Li Kan is a warm, convivial man. He welcomes guests with a genuine pleasure, shooing the dogs and chickens from the concrete courtyard of the neat collection of brick-and-tile buildings that make up his home before offering chairs in the warm morning sun. At 52 years old, he is a thin, wiry figure with a lined face betraying both his years and the harshness of his youth. But it’s a face that lights easily with laughter. His wife bustles happily about, pouring glasses of green tea for the guests, and his father, a tiny gnome of a man, hovers about with a toothless grin and clear, twinkling eyes.
It wasn’t always like this. A mere decade ago, Li Kan’s family huddled in straw-thatched poverty, barely able to grow enough rice to feed themselves.
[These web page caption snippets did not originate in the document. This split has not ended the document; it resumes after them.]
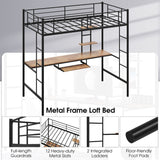 Twin Size Loft Bunk Bed with Desk Storage Shelf and Full-Length Ladders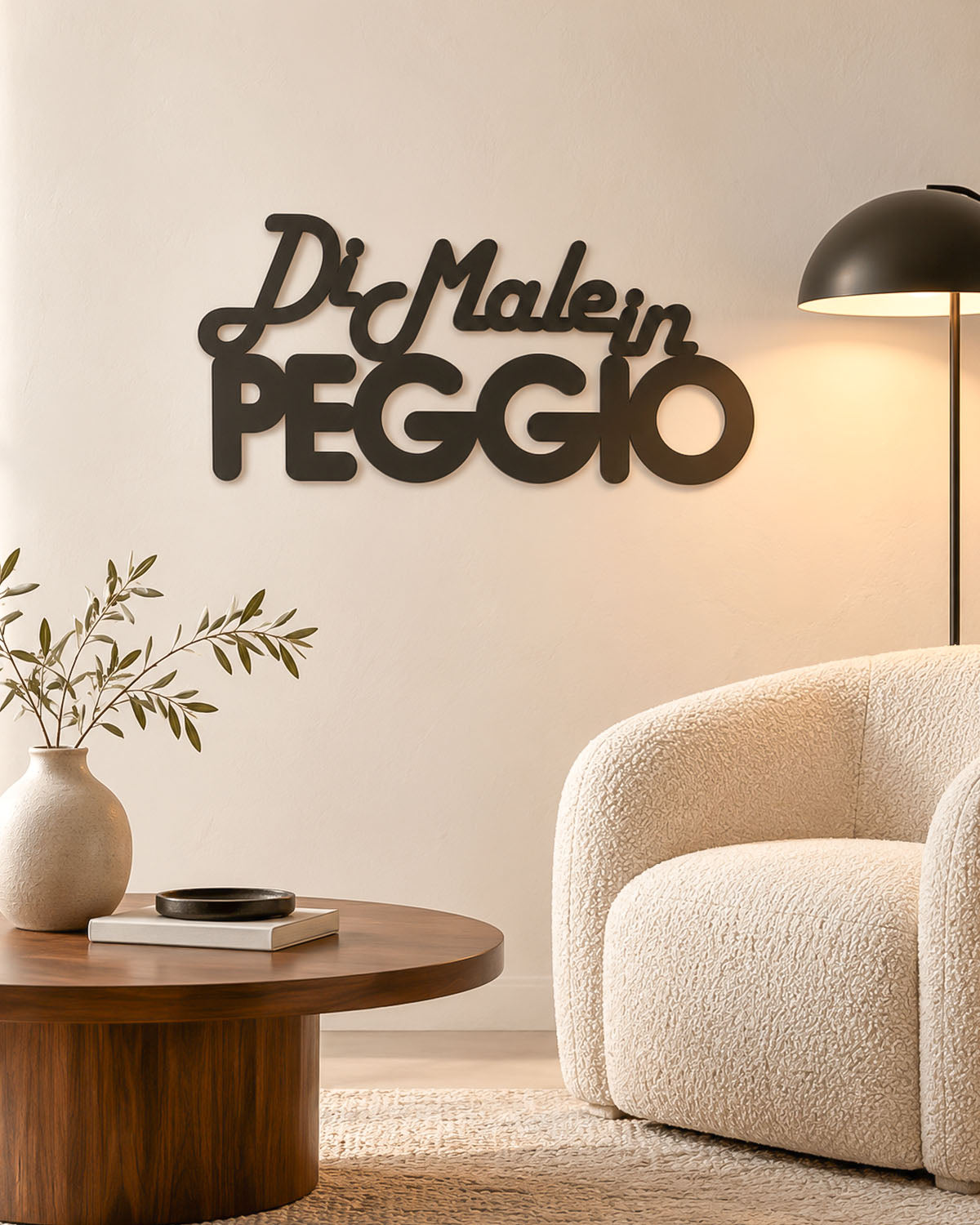Scritta in legno Di male in peggio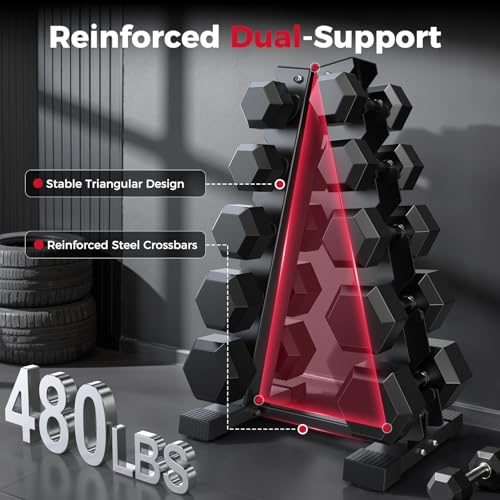 Compact A-Frame Dumbbell Rack - 5 Tier, 480LB Capacity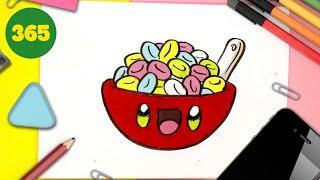 HOW TO DRAW A CUTE BOWL OF CEREALS KAWAII  Cute drawings 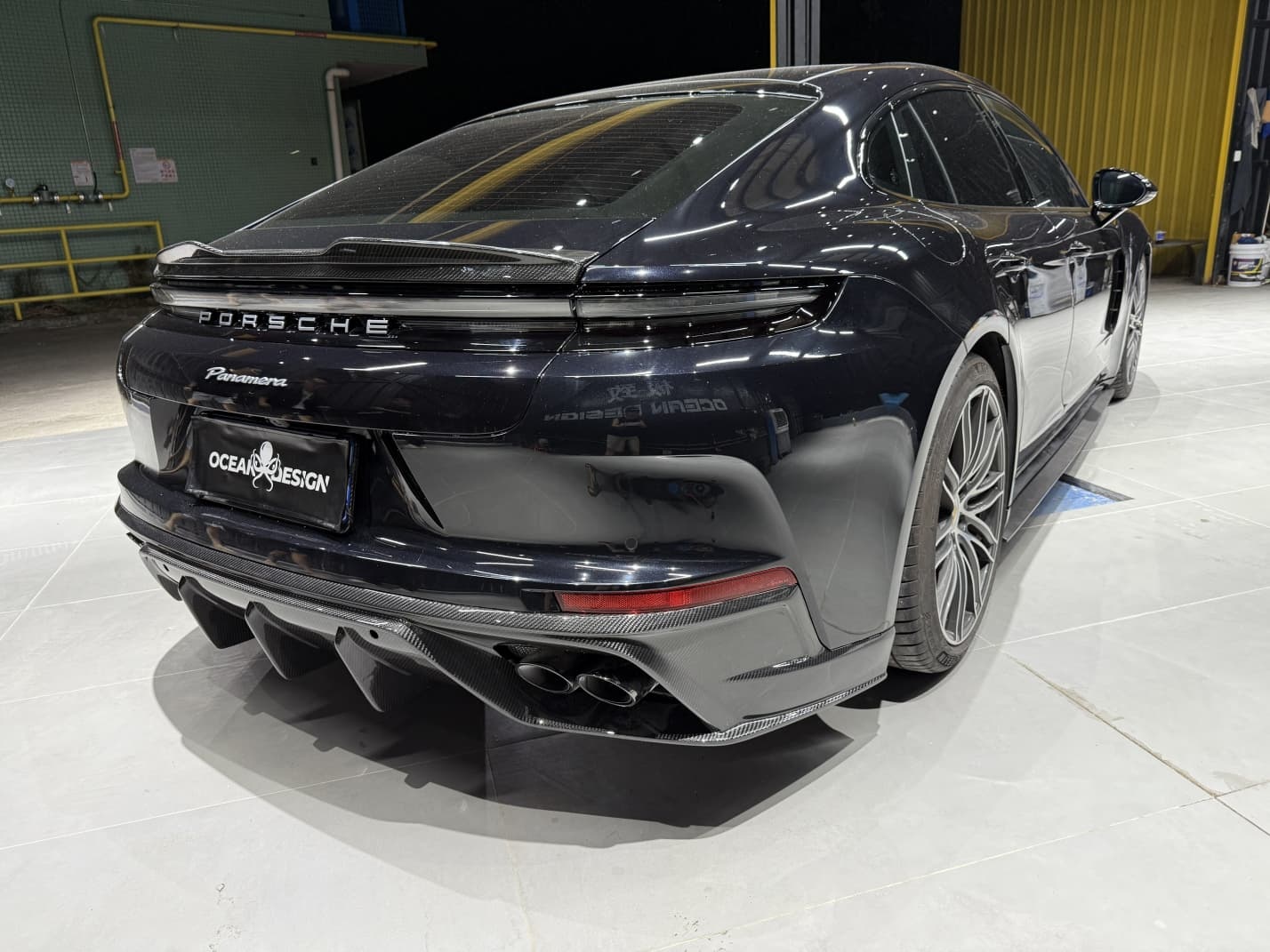 Porsche 2024 Panamera 976 Rear Diffuser Type 1 Dry Carbon Fiber Ocean Design Style Bodykit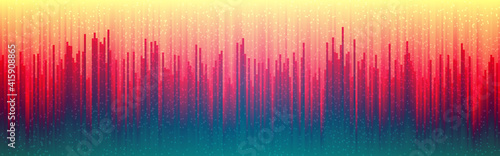 Glitch digital background. Retro future distortion. Abstract vertical lines. Cyber futuristic design. Color glitched lines. Vector illustration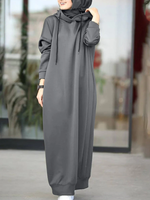 ZANZEA Women Brief Style Solid Color Drawstring Hooded Casual Dress With Pocket
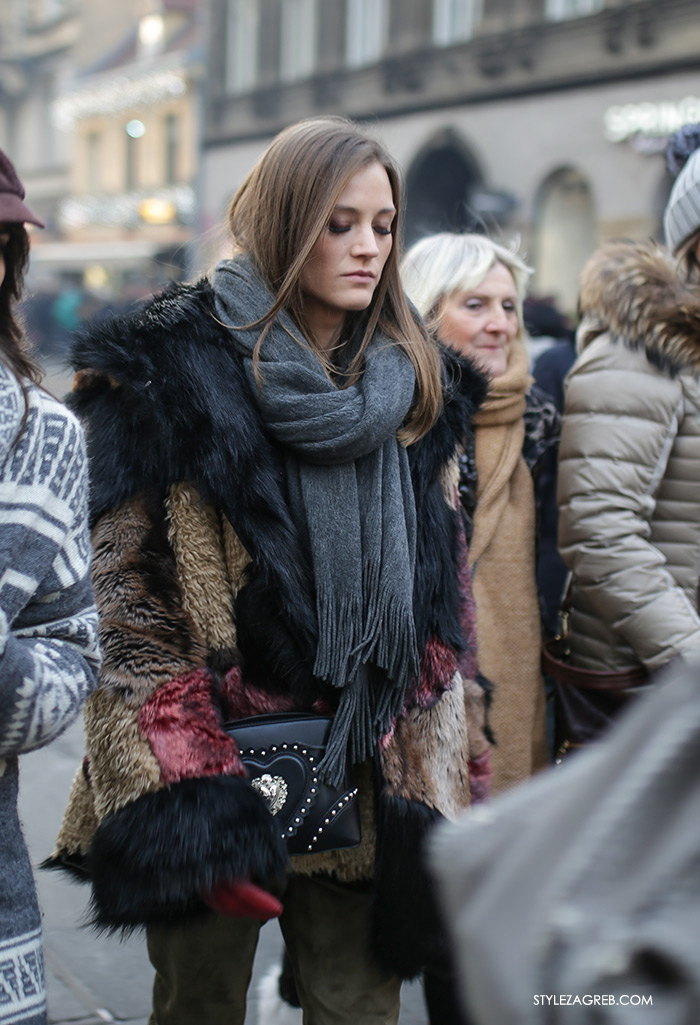 Style Zagreb street style zimska ulična moda, bundica gdje kupiti, faux fur coat where to buy how to wear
They were completely without cash, without a future, and without hope, and the memories are too recent for comfort.
Li Kan’s roller-coaster farm of 2 hectares lies at an elevation of 1,340 meters, in Lancang County, Simao Prefecture, in the endless mountains of China’s Yunnan Province. He was one of the first to be caught up in a new green revolution that is spreading across Yunnan’s fragile mountain uplands, where an estimated 1 million people depend upon upland rice as a staple food. The revolution comes in the form of a new farming system, the key component of which is a collection of new upland rice varieties that have tripled yields, and more.
Already, the new system has lifted hundreds of thousands of farmers and their families out of poverty. Even more extraordinary is the fact that changes to upland farming systems on the scale being witnessed in Yunnan have rarely, if ever, been achieved before. The theory behind the transformation has long existed, but its practical application has frustrated agricultural authorities and scientists alike in many countries of the Asia Pacific region.
For thousands of years, the farmers of minority ethnic groups living in the highlands of countries such as China, India, Myanmar, Thailand, Lao People’s Democratic Republic (Lao PDR), and Vietnam have grown traditional varieties of upland rice in shifting cultivation systems. They cleared forest from mountainsides, grew their rice and other crops until the soil was exhausted or competition from weeds became intolerable, and then they cleared a new plot and moved, leaving the old one fallow.
This system was sustainable while the need for food was limited by a small population and cleared fields were able to lie idle for long enough to recover. But the population grew rapidly. Vast forested mountainsides were stripped bare with the need to grow more food and nature was not given enough time to rejuvenate them from the depletion wrought by food crops and tropical sun and rain.